> [Data for this task]
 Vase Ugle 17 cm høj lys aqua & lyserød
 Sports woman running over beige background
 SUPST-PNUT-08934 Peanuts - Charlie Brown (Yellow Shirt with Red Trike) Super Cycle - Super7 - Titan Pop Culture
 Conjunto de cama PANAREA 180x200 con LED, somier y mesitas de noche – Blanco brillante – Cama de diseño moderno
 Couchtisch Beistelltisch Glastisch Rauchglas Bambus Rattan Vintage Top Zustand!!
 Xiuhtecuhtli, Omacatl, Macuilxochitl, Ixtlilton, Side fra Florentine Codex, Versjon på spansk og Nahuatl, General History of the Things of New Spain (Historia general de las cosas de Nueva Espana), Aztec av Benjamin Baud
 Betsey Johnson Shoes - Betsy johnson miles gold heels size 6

> [Exercise aim]
Each line from the one that includes "Couchtisch Beistelltisch Glastisch" down to the close of the records above is to be given again exactly, and no other line is to appear.

> [Answer box]
 Couchtisch Beistelltisch Glastisch Rauchglas Bambus Rattan Vintage Top Zustand!!
 Xiuhtecuhtli, Omacatl, Macuilxochitl, Ixtlilton, Side fra Florentine Codex, Versjon på spansk og Nahuatl, General History of the Things of New Spain (Historia general de las cosas de Nueva Espana), Aztec av Benjamin Baud
 Betsey Johnson Shoes - Betsy johnson miles gold heels size 6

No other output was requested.